Le Sénat américain a approuvé à une large majorité un vaste ensemble de sanctions visant les revenus du secteur énergétique russe, ainsi que des responsables russes, des oligarques, des institutions financières et la flotte dite "fantôme" utilisée par Moscou pour contourner les restrictions existantes.
Le texte bipartisan, adopté par 86 voix contre 11, donnerait au président américain Donald Trump le pouvoir d’imposer des droits de douane pouvant atteindre 500 % sur certaines importations russes, notamment le pétrole et le gaz.
Le projet prévoit également de sanctionner les pays qui continuent d’acheter des hydrocarbures russes. Il autoriserait ainsi l’administration américaine à appliquer des droits de douane allant jusqu’à 100 % sur les produits importés de pays comme la Chine et l’Inde, parmi les principaux acheteurs d’énergie russe.
Les mesures élargiraient aussi les sanctions visant les anciens pétroliers réimmatriculés utilisés par la Russie pour contourner les restrictions internationales sur ses exportations énergétiques.
Le texte doit désormais être examiné par la Chambre des représentants, mais aucun vote n’est prévu avant au moins le début du mois de septembre en raison de la pause estivale du Congrès.
S’il était adopté, le dispositif pourrait notamment viser Vladimir Poutine ainsi que d’autres hauts responsables russes.
Le projet de loi prévoit toutefois un mécanisme de dérogation permettant au président américain de suspendre certaines sanctions ou restrictions si la Maison-Blanche certifie au Congrès qu’une telle décision répond à l’intérêt national.

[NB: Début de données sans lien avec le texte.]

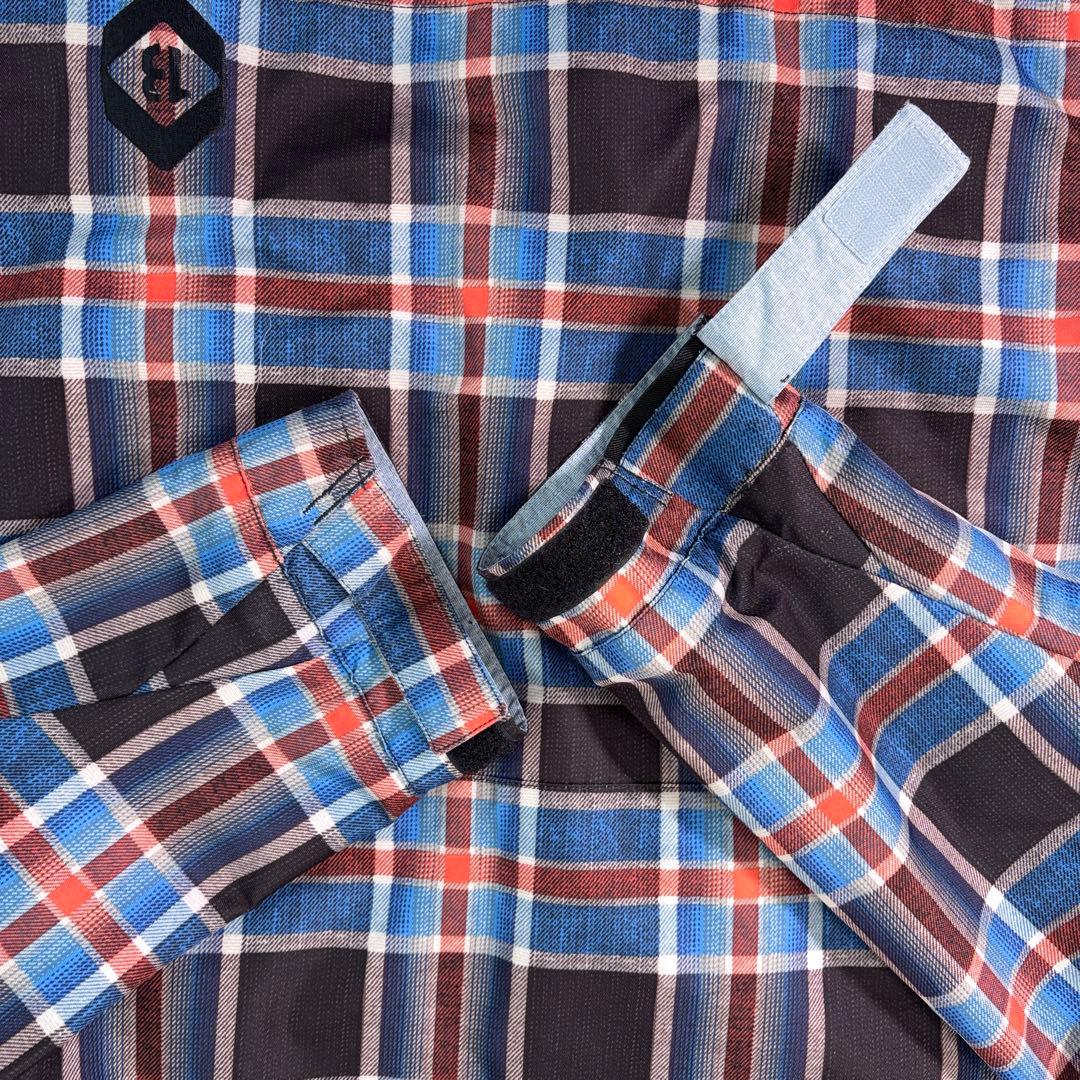 美品【BURTON】バートンスノボウェア DRYRIDE チェック 13ロゴ L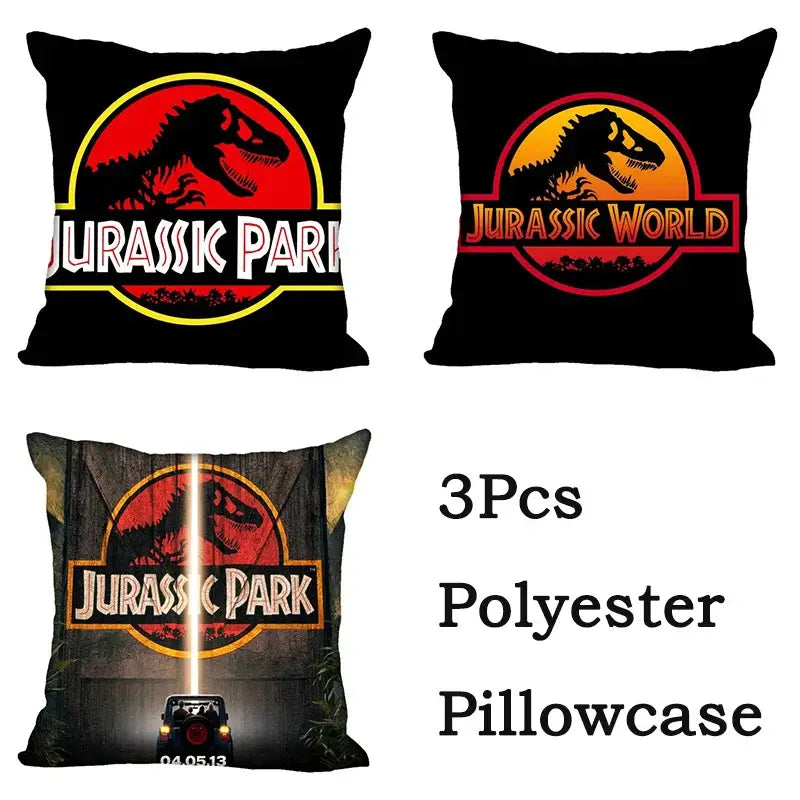jurassic park dinosaur pillowcase set – living room decor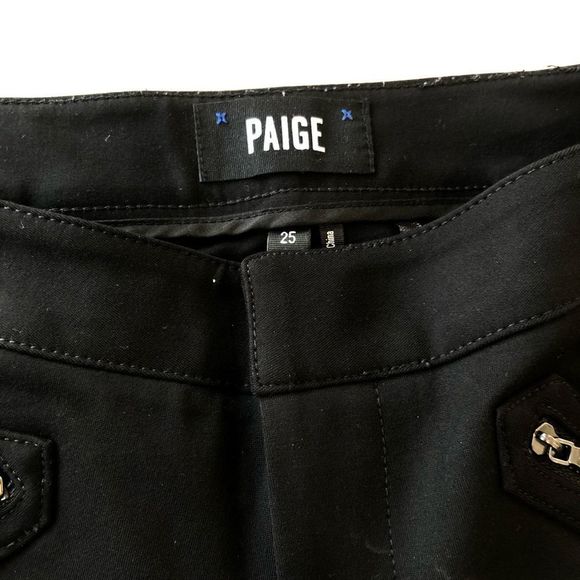 Paige Women's Katrina Ponte With Zippered Pockets - Picture 4 of 12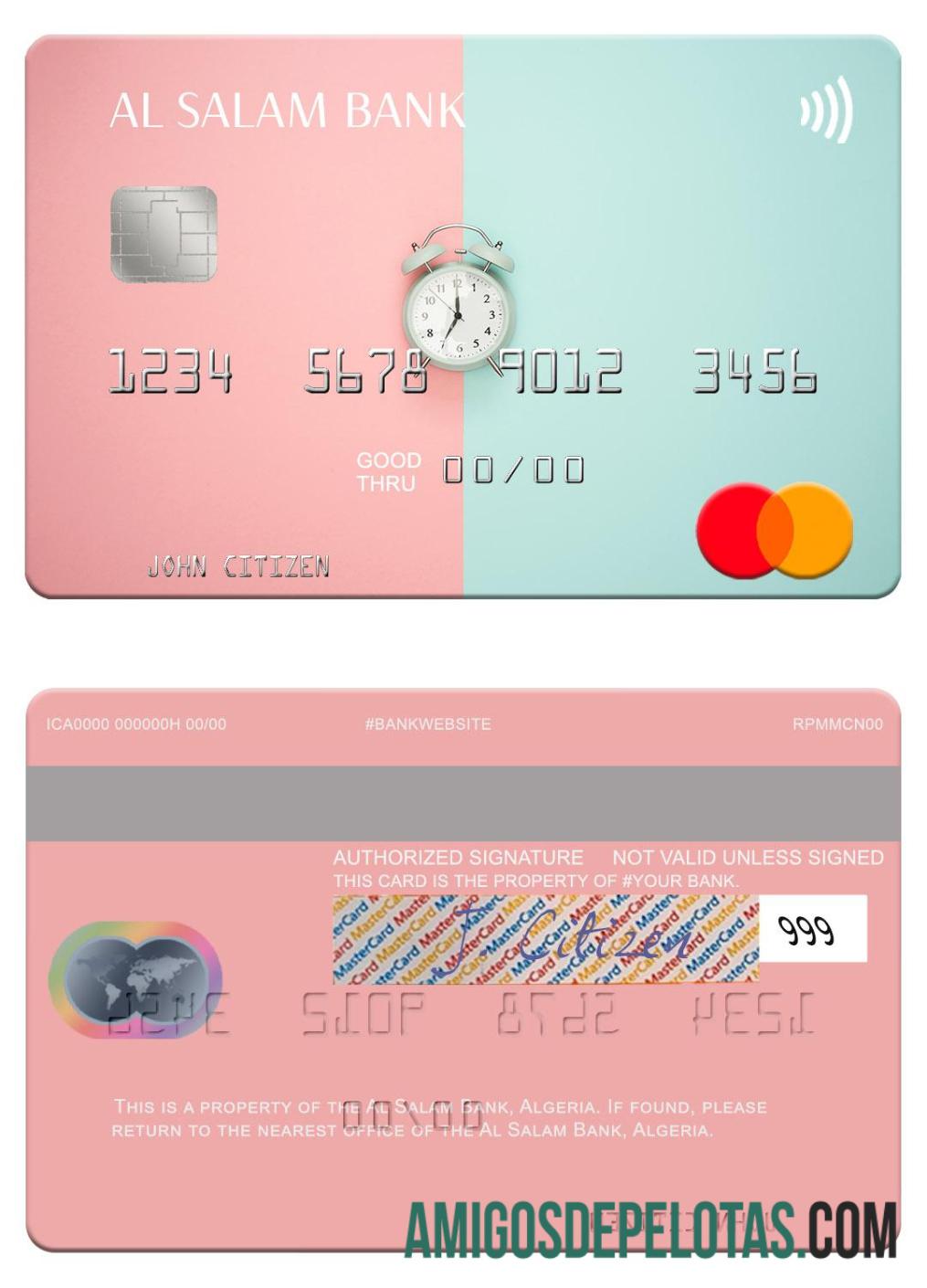 Argélia Al Salam Bank Mastercard baixar para verificação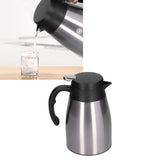 24V 1200ml Car Water Heater Pot with Base Portable Stainless Steel Electric Kettle Pot for Truck CarWhite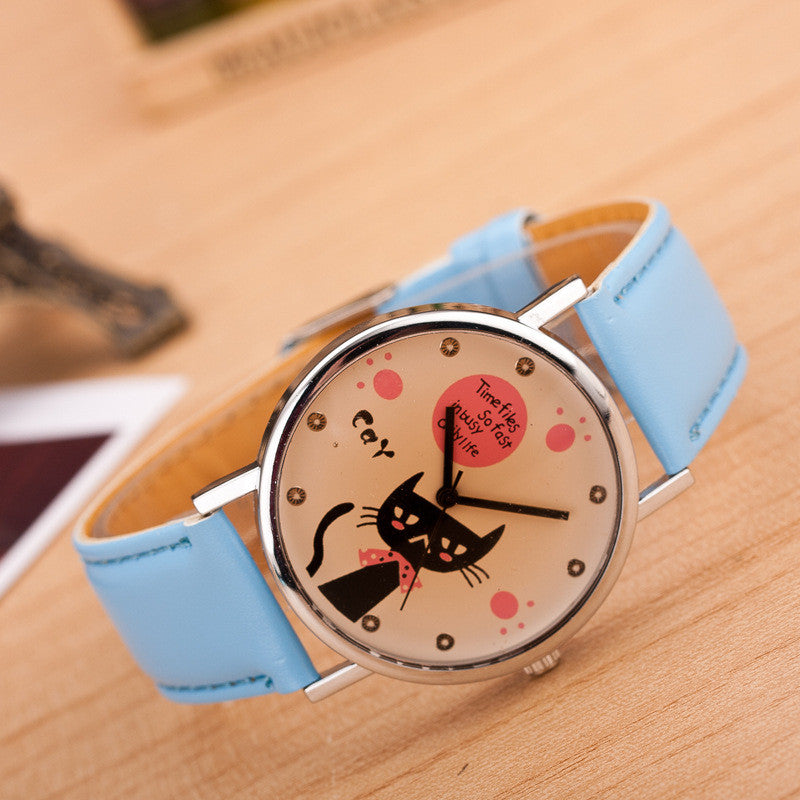 Cute Kitty Leather Watch - Oh Yours Fashion - 1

Ce vote du Sénat constitue à ce stade l’initiative législative la plus ambitieuse du second mandat de Donald Trump pour tenter d’infléchir le cours d’une guerre qui dure depuis plus de quatre ans. Alors que le Congrès a longtemps peiné à garantir la poursuite des financements et des livraisons d’armes américaines à l’Ukraine, Trump a soutenu ce paquet de sanctions, augmentant la pression sur la Chambre des représentants pour qu’elle l’examine, le vote et le transmette à la Maison-Blanche pour promulgation.
Le texte porte le nom du sénateur Lindsey Graham, décédé le 11 juillet après avoir consacré plus d’un an à rassembler des soutiens en sa faveur.
Peu avant sa mort, Graham avait annoncé avoir trouvé un accord avec la Maison-Blanche sur une version révisée du projet, qui élargissait également les pouvoirs de sanctions existants afin de limiter les financements des secteurs énergétique et militaire iraniens.